Mechanisms by which missense variants in myosin and myosin binding protein C alter cellular contractility in genetic cardiomyopathies. (360G-Wellcome-206466_Z_17_Z)

Summary: The cardiac sarcomere is a multi-protein complex essential to cardiac contractile function. Hypertrophic cardiomyopathy (HCM) and dilated cardiomyopathy (DCM) are caused by pathogenic variants (PV) in sarcomere protein genes. Variants in genes directly involved in cellular contractility MYH7 (beta-myosin heavy chain), MYH6 (alpha-myosin heavy chain), and MYBPC3 (Myosin binding protein C) are either known or hypothesised to cause disease. Previous analyses of the mechanisms by which variants cause disease have relied on rodent models and extrapolation from clinical data.
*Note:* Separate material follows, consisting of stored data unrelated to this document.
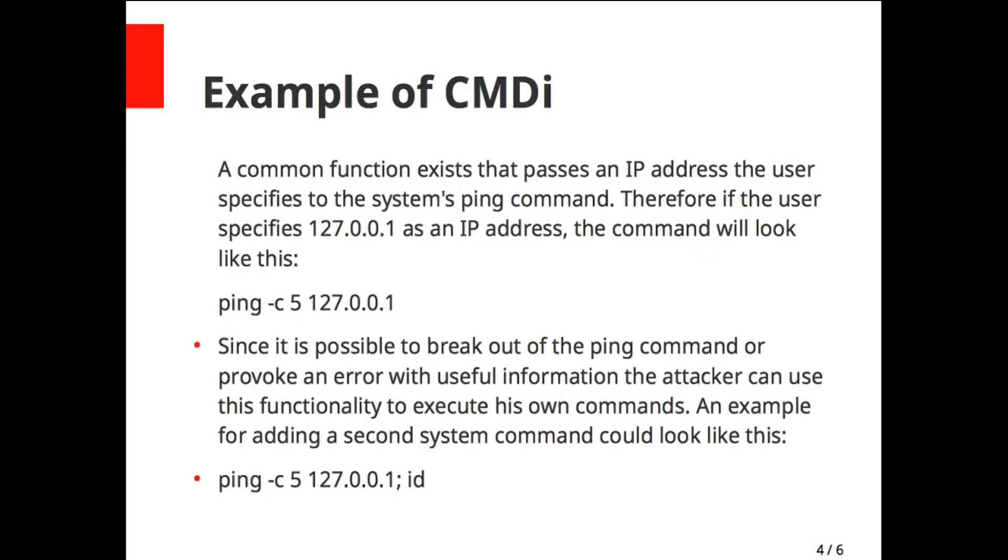In this example, the application is taking input, an IP address from the user, and providing ping. It is possible to break that ping command by giving a semicolon after that. After the semicolon, it will execute instantly, so it will execute ping as well as the second command.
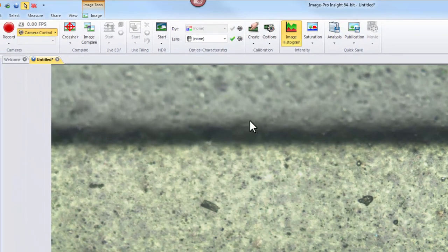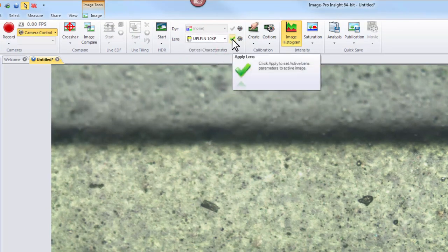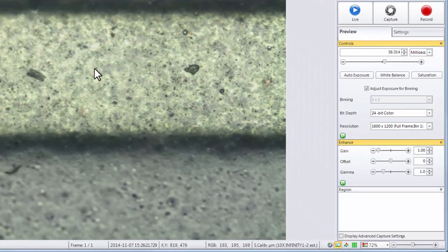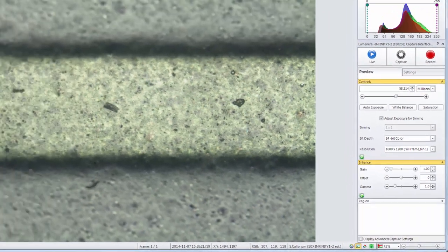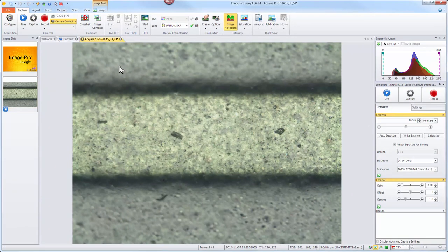Now that your lens has been defined, the optical characteristics group will show your lens in the dropdown. By selecting this lens and hitting the apply button, any image that's open in the interface will automatically receive the calibration as you see below. Any new capture will also automatically receive this calibration upon acquisition.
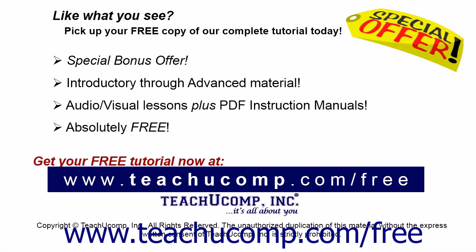In the Wait box, you can... Like what you see? Pick up your free copy of the complete tutorial at www.teachucomp.com forward slash free. See you in the next video!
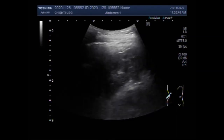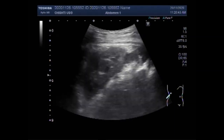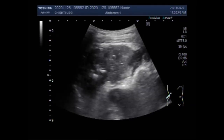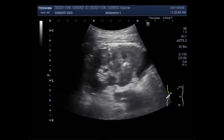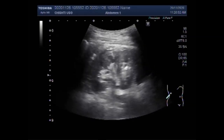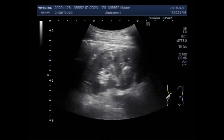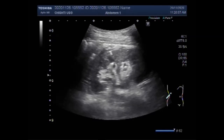The perinephric space is the largest of the three divisions of the retroperitoneum and is the most easily identified. It contains the kidneys, renal vessels, proximal collecting system, adrenal glands, and an adequate amount of fat to allow identification on CT imaging.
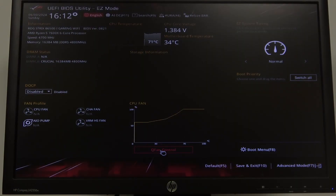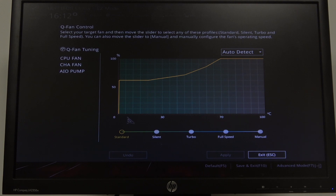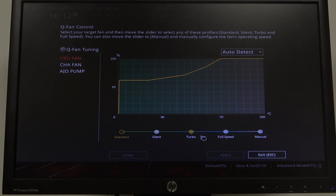Inside, click on Q Fan Control and after that we can select CPU Fan. Then switch the speed between Standard, Silent, Turbo, Full Speed, or Manual. And that's it for this video.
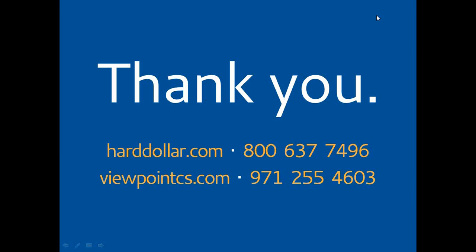Great. And, again, we do want to thank you for joining us today. And, again, to remind you, you will receive a follow-up email with a video copy of today's presentation within the next 24 hours. So on behalf of Hard Dollar, Justin, thank you very much for your time and your presentation today. And, George, thank you for joining us. Yeah. Thanks for having me. All right. Thanks, everyone.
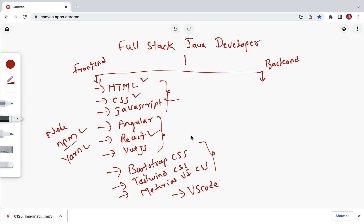Now let's look at back end tools. First, you need to learn Java — all the OOP concepts, exception handling, and collections. Also learn Java 8 features like lambda expressions, Stream APIs, date-time APIs, and method references, along with core fundamentals like string handling and arrays.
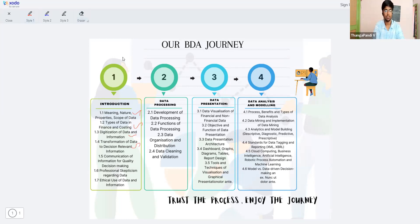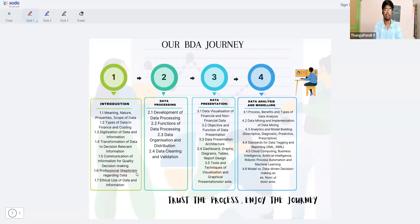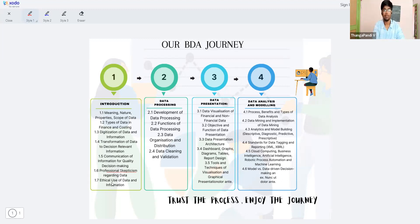In 1.5, we cover data analysis and communication — you are going to do data analysis, but the key challenge is how you communicate those findings. In 1.6, we address skepticism — the drawbacks and difficult circumstances in the finance domain. There are certain challenging points. In 1.7, we cover the ethics of data analysis — you have to follow the ethics of the finance domain. That completes the first unit.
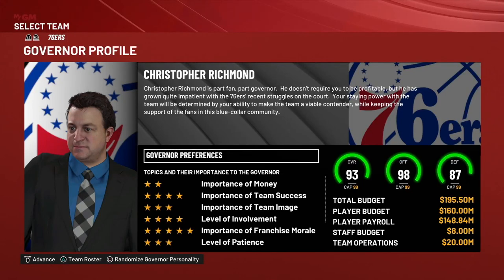Hey, NBA 2K My GM fans, Coach 2K back with another NBA 2K My GM Tips and Tricks video. In this video, we're going to talk about the My GM Governor Profile Screen and why you might want to pay attention to it instead of just picking your team and going right into your My GM file. We're going to talk about how this screen works and some things you might want to take away from it, because the idea is that once you're the GM of your team, you'll want to work with your governor and align your decisions with what the governor is looking for.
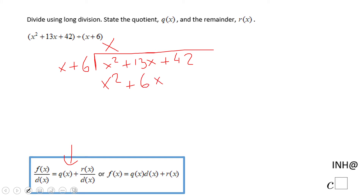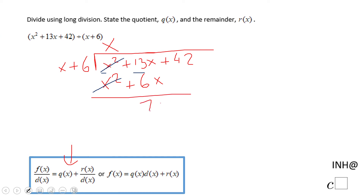The next thing — very important to remember — is to subtract. These two terms cancel out; they will always cancel out if you do the right thing. Now we have 13x minus 6x, which is 7x, plus 42. We're going to do the same process: think about what we should multiply that x by to get 7x.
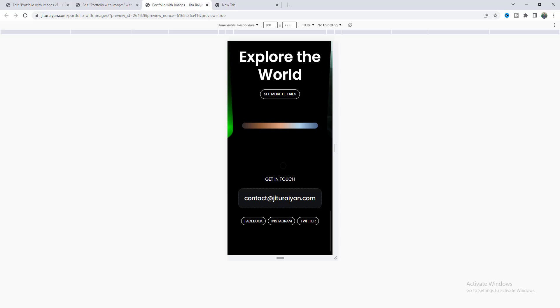That's how you can make this beautiful portfolio page for your Elementor website. If you enjoyed this video, don't forget to like and subscribe to this channel. Thank you so much for watching — I'll see you in my next video.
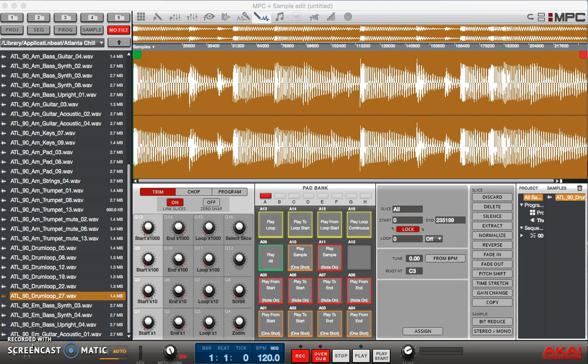Alright, so there are a couple of different ways that we could do this, but the way we're gonna do it today is using the threshold. Now the other two ways are by BPM, depending on how many beats per minute is actually in the drum loop. MPC can calculate and make slices based off that.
The introduction of clinically defined mutations into human iPSC-CMs using CRISPR/Cas-9 would allow the interrogation of these cellular phenotypes in a human background using molecular and mechanical strategies, adding clarity to the uncertainties of variant-phenotype relationships in these genes. Key goals: i) Interrogation of the molecular and biophysical (contraction and relaxation) mechanisms by which PVs in MYH7, MYH6, and MYBPC3 cause either HCM or DCM. ii) Define the contractile mechanism of MYH6 and MYH7 PVs to establish if they mirror one another. iii) Investigate if high throughput functional analyses of iPSC-CMs can be used to test individual variants of unknown clinical significance (VUS) to discriminate between those that are disease causing versus ‘benign’.